SUPPLIED DATA below:

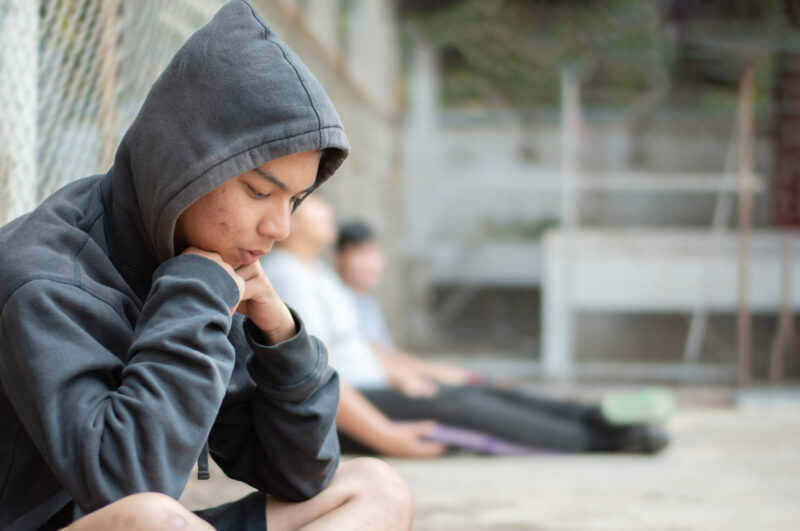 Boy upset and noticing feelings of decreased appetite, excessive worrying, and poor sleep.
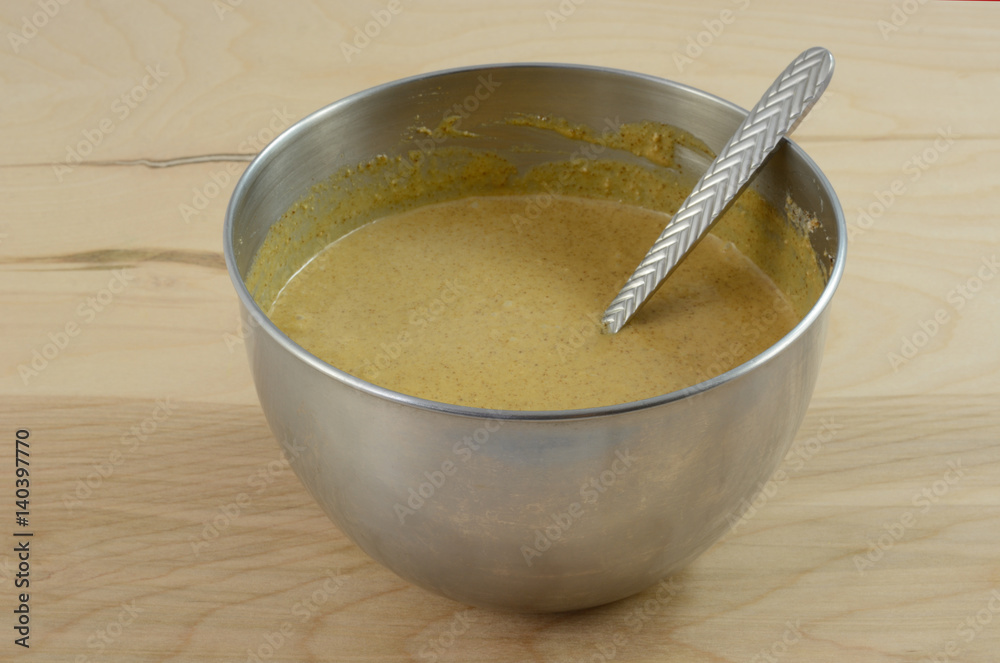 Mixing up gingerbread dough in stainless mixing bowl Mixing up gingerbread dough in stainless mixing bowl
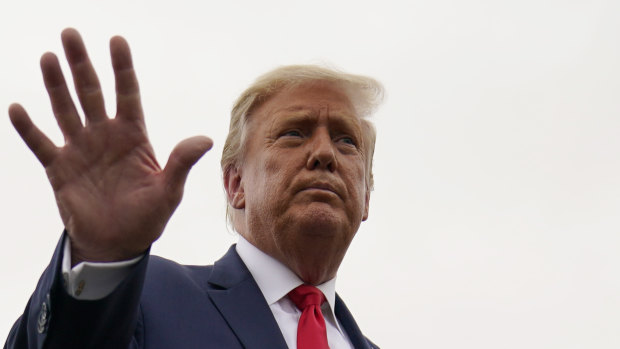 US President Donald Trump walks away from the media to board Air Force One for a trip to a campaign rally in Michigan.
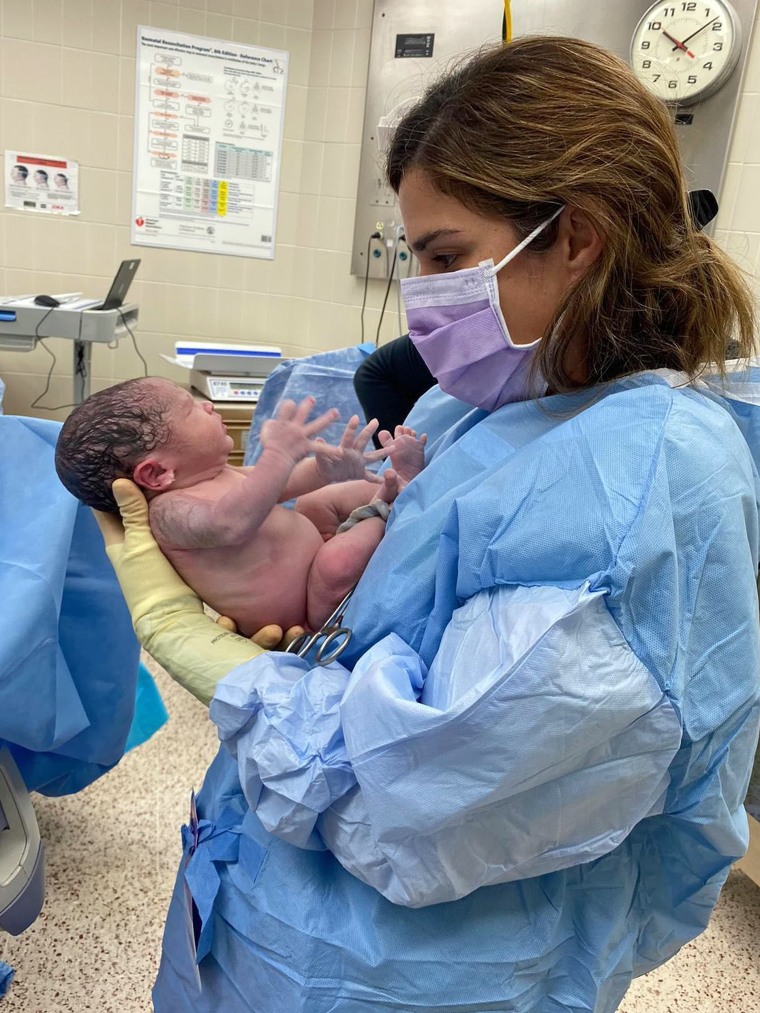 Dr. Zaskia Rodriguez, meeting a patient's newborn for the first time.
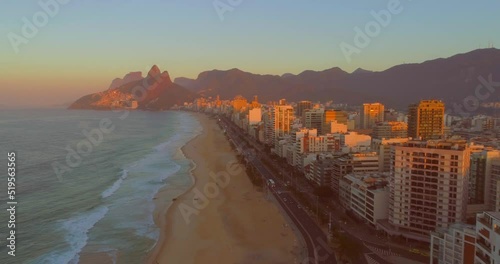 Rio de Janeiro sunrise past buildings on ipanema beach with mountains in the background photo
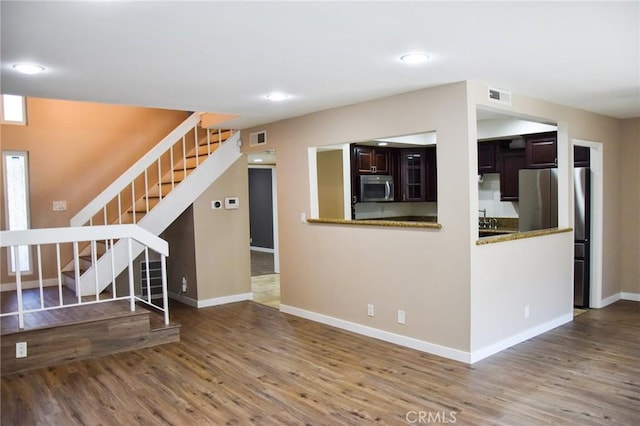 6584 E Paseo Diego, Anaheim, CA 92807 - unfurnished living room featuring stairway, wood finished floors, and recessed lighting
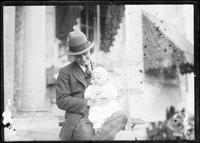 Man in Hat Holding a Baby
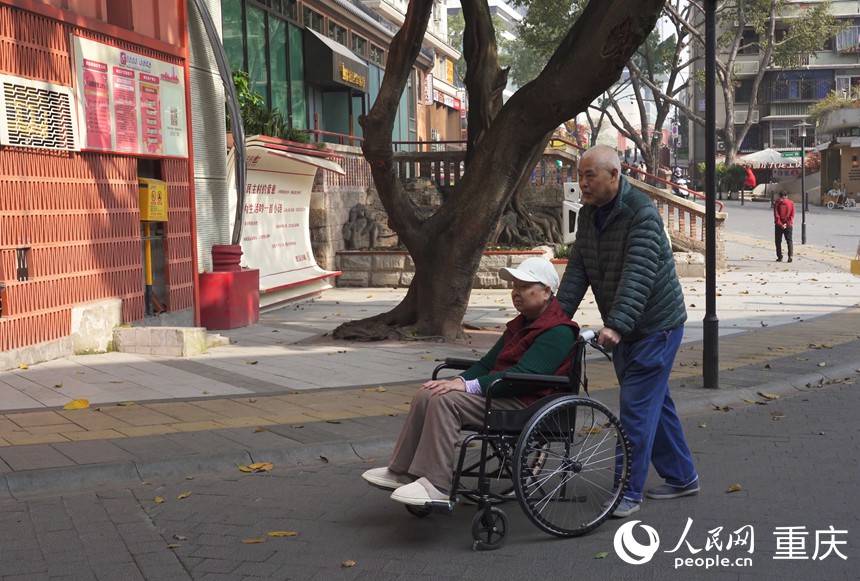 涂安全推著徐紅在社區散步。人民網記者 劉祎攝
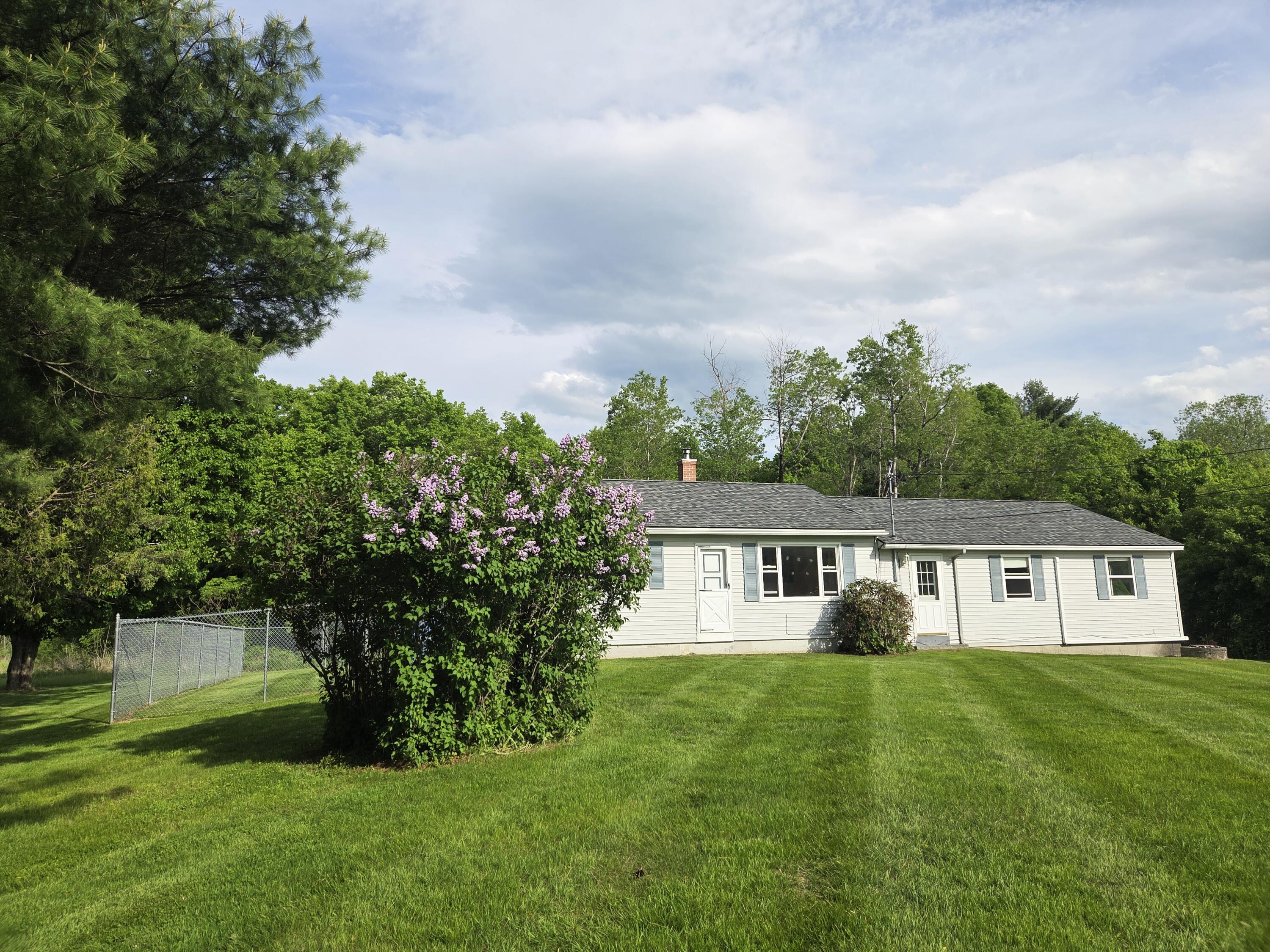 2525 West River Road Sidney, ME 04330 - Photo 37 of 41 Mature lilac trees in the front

End of SUPPLIED DATA.

Extract, word for word, every line from the one containing "Man in Hat Holding a Baby" to the end of the data above, both ends included, and leave out the pictures.

 Man in Hat Holding a Baby
 涂安全推著徐紅在社區散步。人民網記者 劉祎攝
 2525 West River Road Sidney, ME 04330 - Photo 37 of 41 Mature lilac trees in the front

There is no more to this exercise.